What to do: The entries below contain a line with "The next question" and a line with "First, let's go". Retype exactly everything from the first down to the second, both included, and nothing else.

[Opening Data shown section]

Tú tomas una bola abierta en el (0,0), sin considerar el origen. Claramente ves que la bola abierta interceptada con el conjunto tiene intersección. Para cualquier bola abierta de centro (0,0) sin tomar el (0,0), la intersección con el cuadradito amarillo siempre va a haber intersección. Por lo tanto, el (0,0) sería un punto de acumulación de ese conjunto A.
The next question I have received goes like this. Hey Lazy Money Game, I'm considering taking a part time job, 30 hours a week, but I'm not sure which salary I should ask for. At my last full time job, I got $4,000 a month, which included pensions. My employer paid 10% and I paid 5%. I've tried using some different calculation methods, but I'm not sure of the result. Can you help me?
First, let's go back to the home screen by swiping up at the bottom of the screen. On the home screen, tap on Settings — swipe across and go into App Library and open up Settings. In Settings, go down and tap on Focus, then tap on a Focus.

[Closing Data shown section]
[Opening Data shown section]

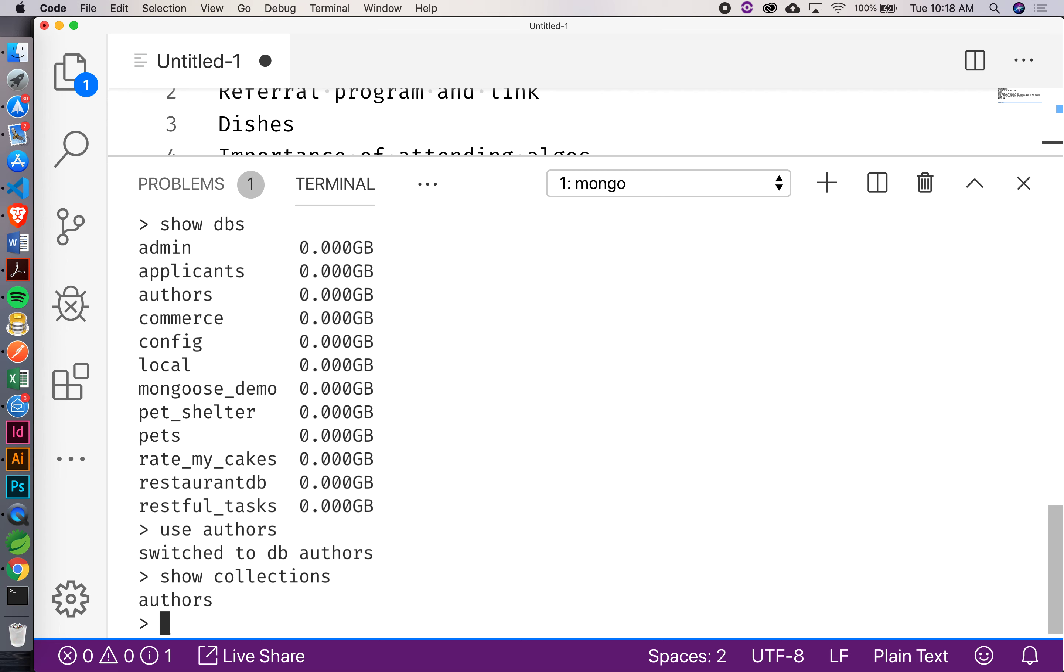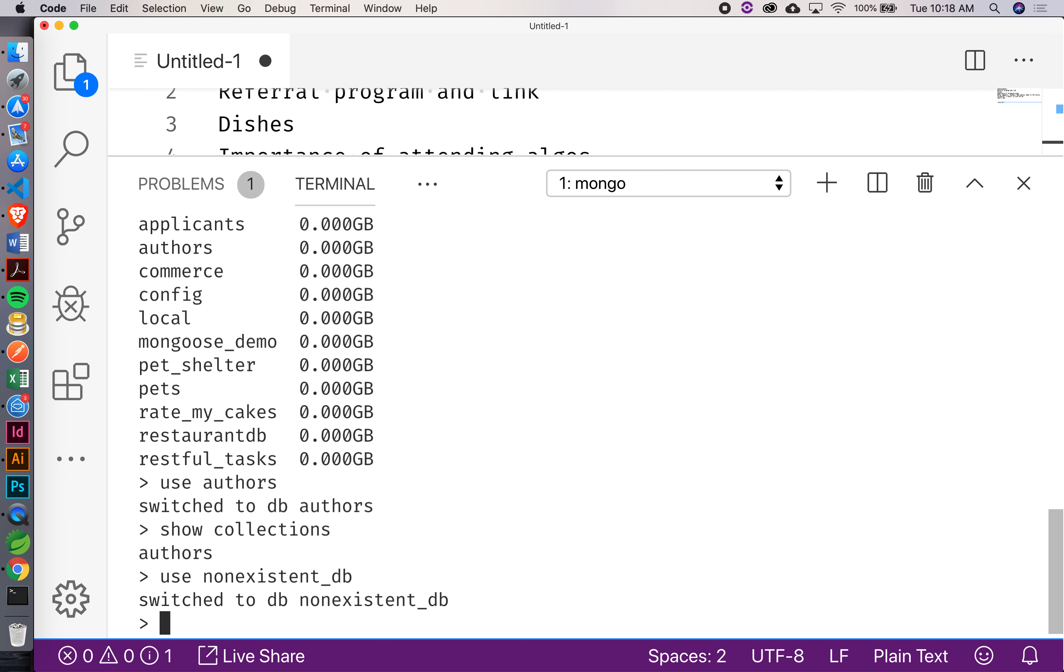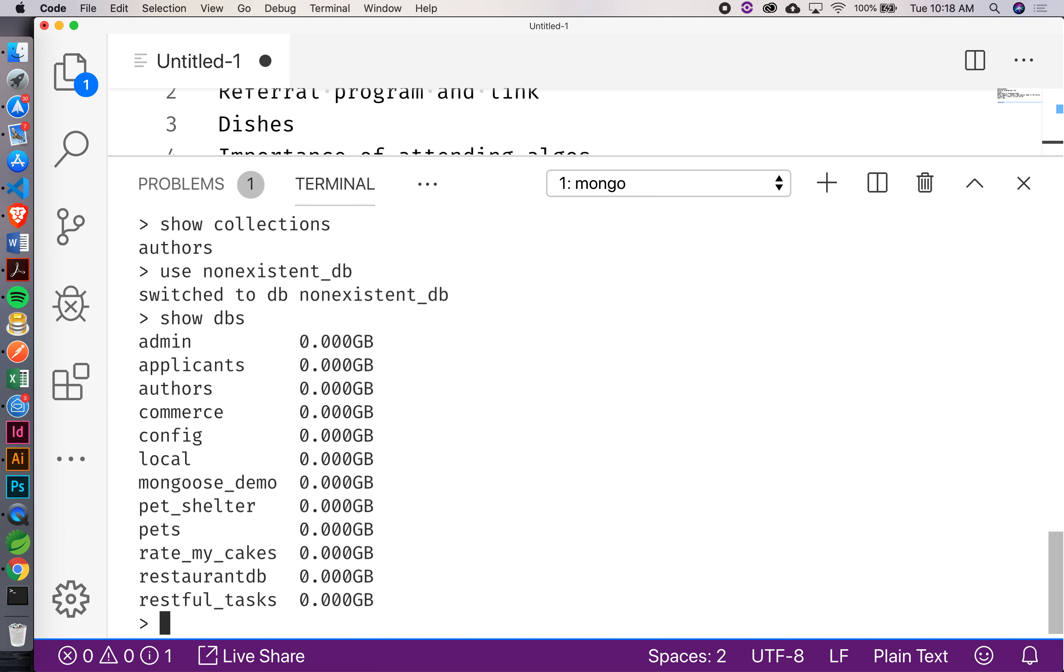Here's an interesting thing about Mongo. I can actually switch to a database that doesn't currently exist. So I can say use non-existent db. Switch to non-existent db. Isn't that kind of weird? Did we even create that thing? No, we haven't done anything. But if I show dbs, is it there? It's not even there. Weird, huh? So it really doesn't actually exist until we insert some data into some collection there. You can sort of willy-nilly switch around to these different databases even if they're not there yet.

[Closing Data shown section]

Answer to this exercise:
The next question I have received goes like this. Hey Lazy Money Game, I'm considering taking a part time job, 30 hours a week, but I'm not sure which salary I should ask for. At my last full time job, I got $4,000 a month, which included pensions. My employer paid 10% and I paid 5%. I've tried using some different calculation methods, but I'm not sure of the result. Can you help me?
First, let's go back to the home screen by swiping up at the bottom of the screen. On the home screen, tap on Settings — swipe across and go into App Library and open up Settings. In Settings, go down and tap on Focus, then tap on a Focus.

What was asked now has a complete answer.